→ HOW TO COMPLETE THIS TASK: All of the lines below need to be copied exactly, apart from the pictures.

Items from a data source
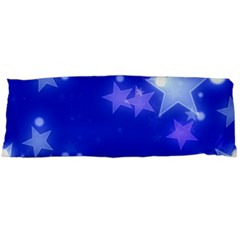 Star Bokeh Background Scrapbook Body Pillow Case (dakimakura)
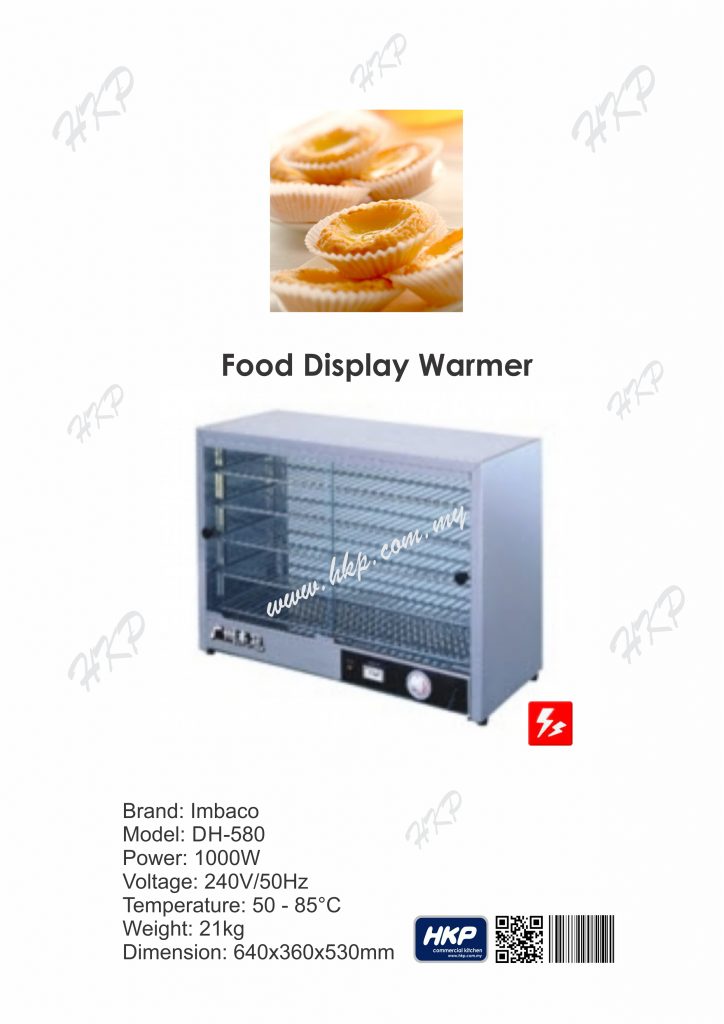 Warm Display-DH580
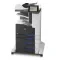 БФП HP LaserJet Enterprise 700 color MFP M775zm / Лазерний кольоровий друк / 600x600 dpi / A4 / 30 стор/хв / USB 2.0, Ethernet / Дуплекс б/в
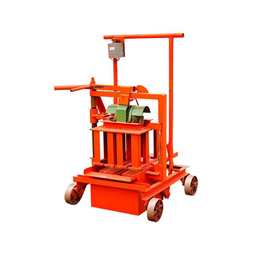 QM 2-42 Egg layer Block Machine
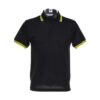 Classic Fit Tipped Collar Polo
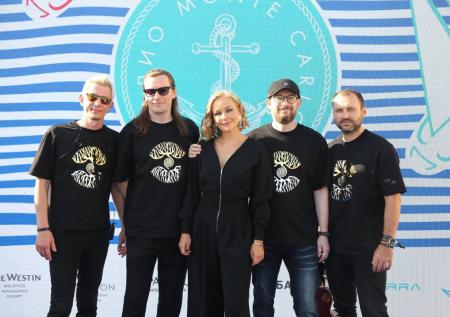 Традиционная регата Radio Monte Carlo прошла в Москве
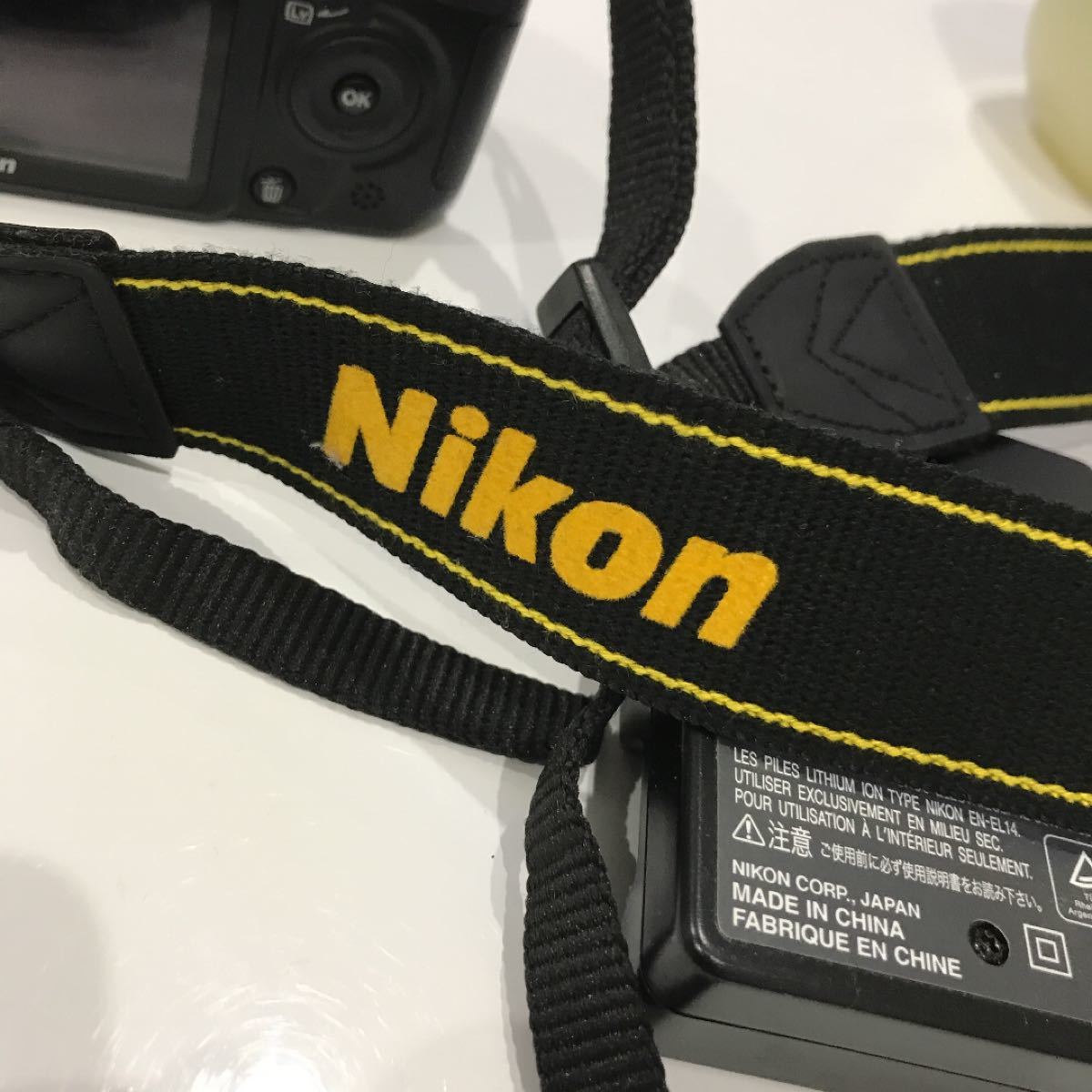 Nikon D3100 AF-S DX NIKKOR ニコン 一眼レフ 美品 | michiemee.ca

→ RESPONSE AREA:
 Star Bokeh Background Scrapbook Body Pillow Case (dakimakura)
 Warm Display-DH580
 БФП HP LaserJet Enterprise 700 color MFP M775zm / Лазерний кольоровий друк / 600x600 dpi / A4 / 30 стор/хв / USB 2.0, Ethernet / Дуплекс б/в
 QM 2-42 Egg layer Block Machine
 Classic Fit Tipped Collar Polo
 Традиционная регата Radio Monte Carlo прошла в Москве
 Nikon D3100 AF-S DX NIKKOR ニコン 一眼レフ 美品 | michiemee.ca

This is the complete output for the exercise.